CONHECENDO OS CARTÓRIOS – O seu valor e desarrazoados mitos – Parte 3

* Fernando Alves Montanari

Prossigamos com a demonstração sobre os verdadeiros mitos que, levianamente, se propagam sobre os cartórios.

QUARTO MITO – TODO DONO DE CARTÓRIO É RICO.

No que respeita à ilação “que todo dono de cartório é rico”, pensemos juntos.

Tomando por base a Lei Paulista de Emolumentos (cada estado tem a sua), veremos que o valor geral cobrado pelo cartório é dividido da seguinte forma: 62,5% são receitas dos notários e registradores; 17,763160% são receitas do Estado; 13,157894% são cobrados a título de contribuição à Carteira de Previdência das Serventias não Oficializadas da Justiça do Estado; 3,289473% são destinados à compensação dos atos gratuitos do registro civil das pessoas naturais e à complementação da receita mínima das serventias deficitárias; 3,289473% são destinados ao Fundo Especial de Despesa do Tribunal de Justiça; e 1% do que ganham os notários e registradores se destina às Santas Casas.

Ou seja, de cada R$ 100,00 que entram numa serventia paulista, R$ 37,50 serão repassados às entidades supra destacadas.

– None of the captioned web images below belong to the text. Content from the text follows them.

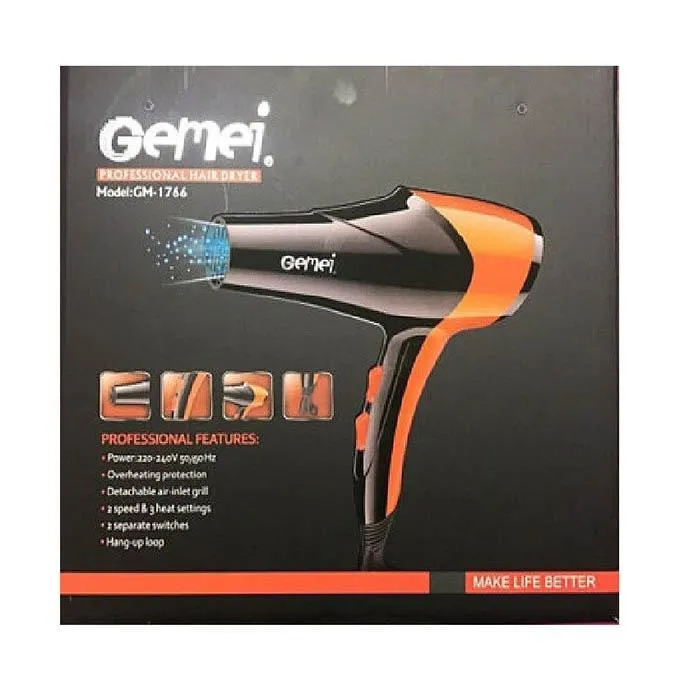 Gemei GM 1766 Professional Hair Dryer 2600W Overheat Protect - image 2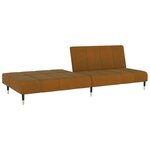 vidaXL Canapé-lit à 2 places Marron Velours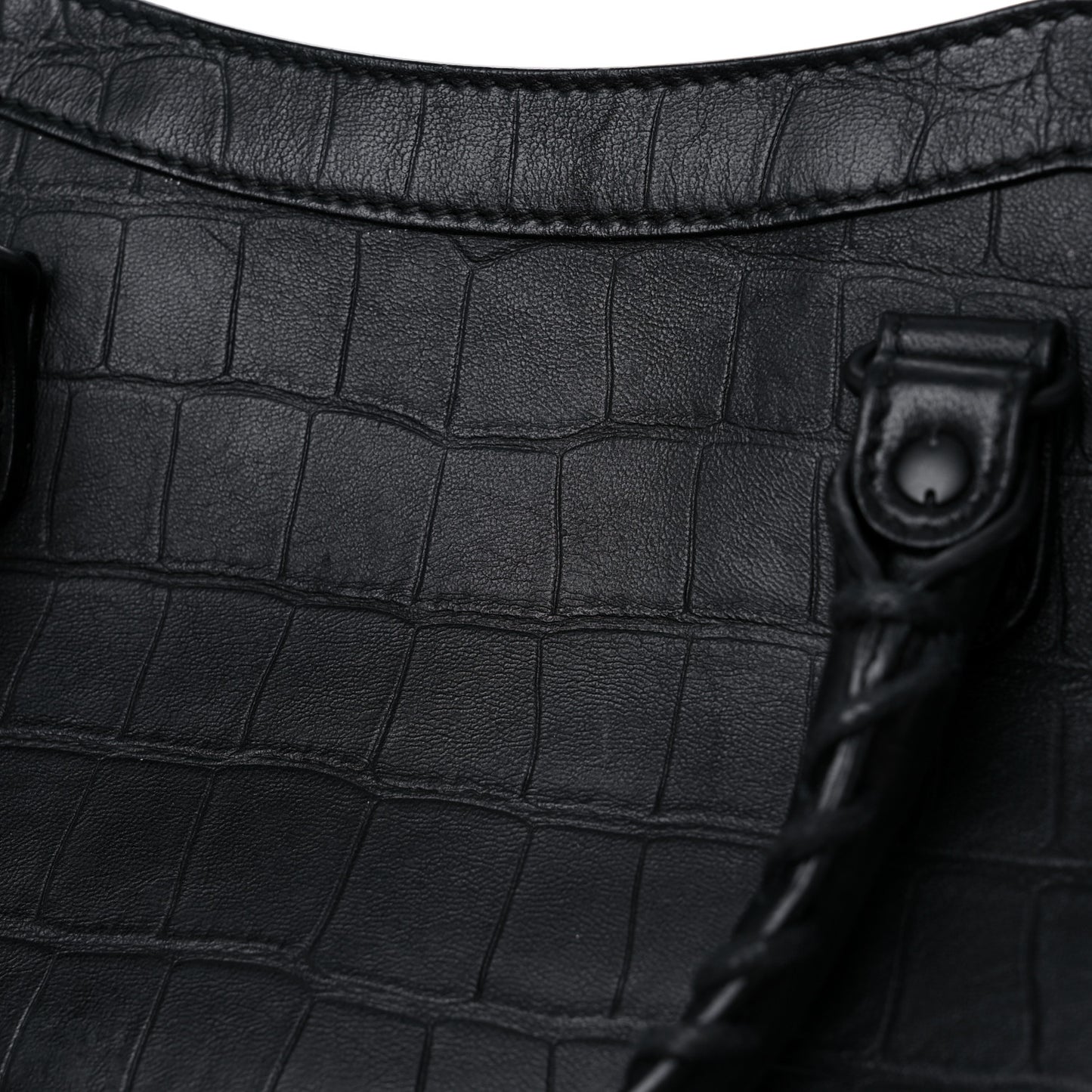 Matte Supple Lambskin Crocodile Embossed Classic Black Hardware S City Black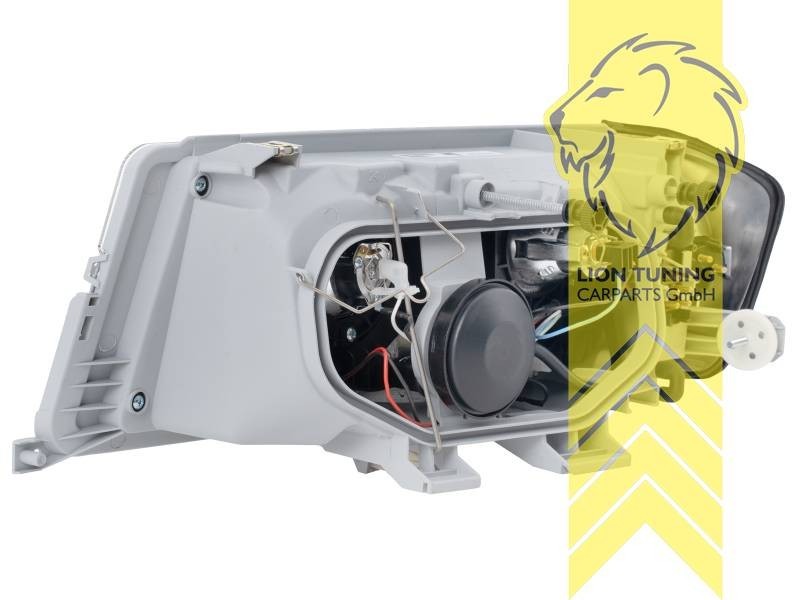 LTG Pair LED Halo Ring Headlights W201 190E 82-93 H1 + H7 Black LHD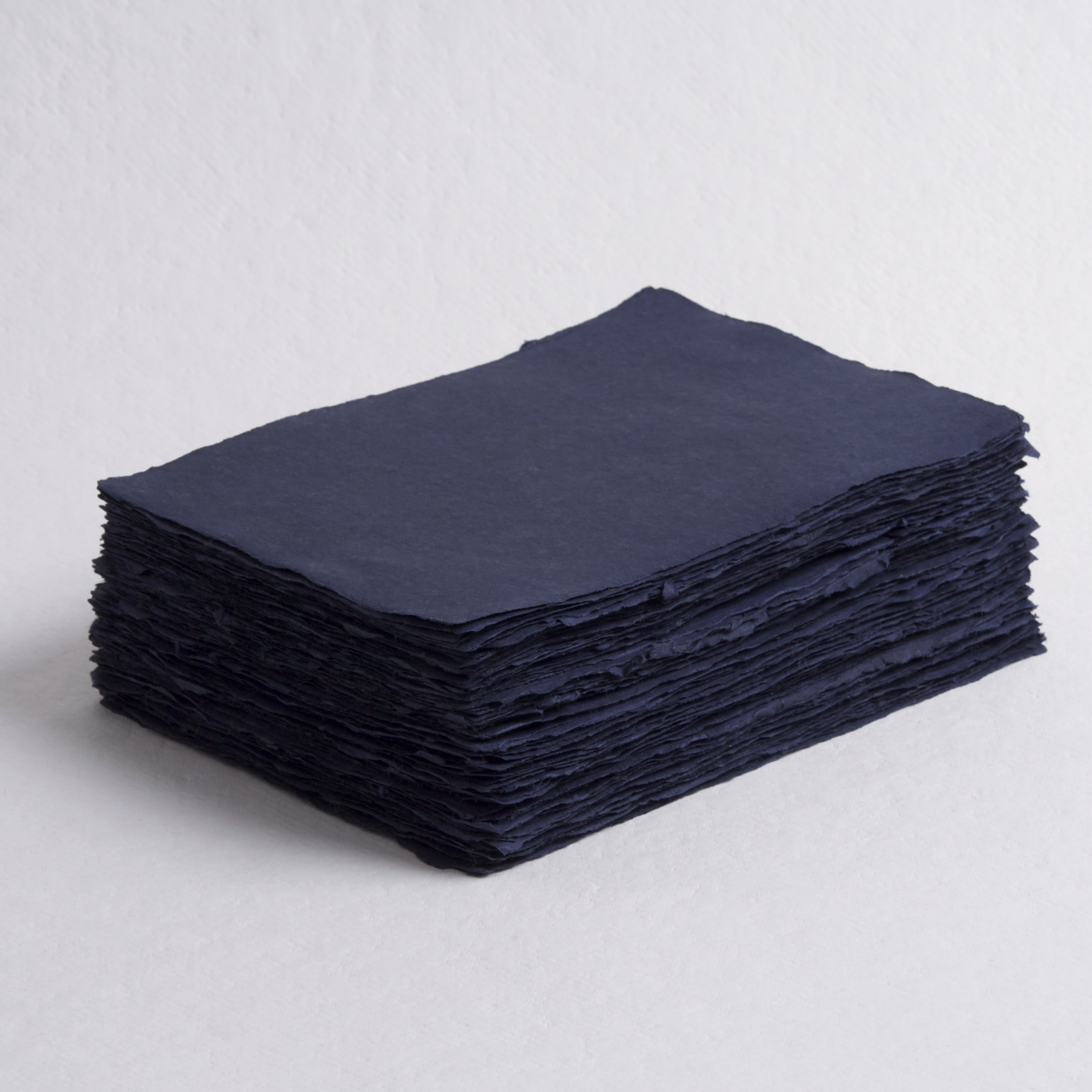 Deep Blue, 5" x 7", 200 gsm Deckle Edge Paper Sri Aurobindo Handmade Paper, Pondicherry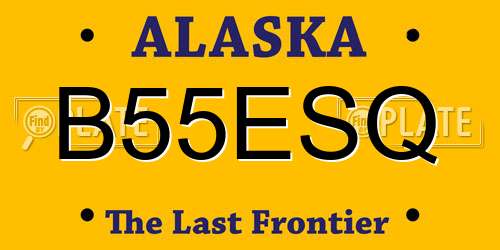 B55ESQ Alaska License Plate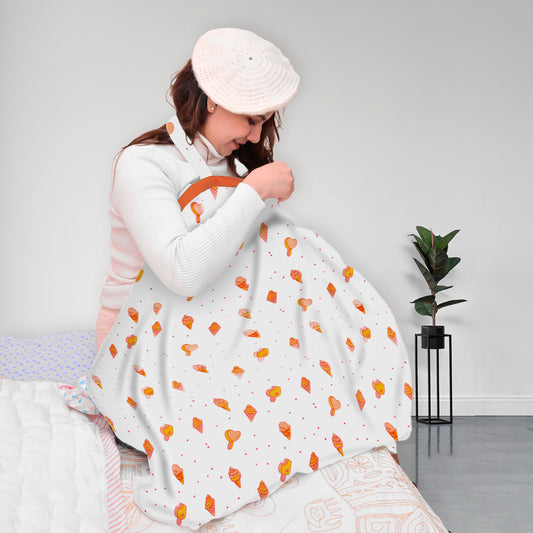 Organic Cotton Muslin Nursing Cover For Breastfeeding Feeding Apron - Icecream | 70 x100 CM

Os donos de cartórios atuam como “substitutos tributários”, ou, para melhor entendimento: essa parcela de dinheiro não é deles, mas do Estado. Eles apenas angariam em nome do Estado.

Sabedor disso, você poderia me perguntar: – Então o registrador e/ou notário ganha R$62,50 de cada R$100,00 que cobra, certo?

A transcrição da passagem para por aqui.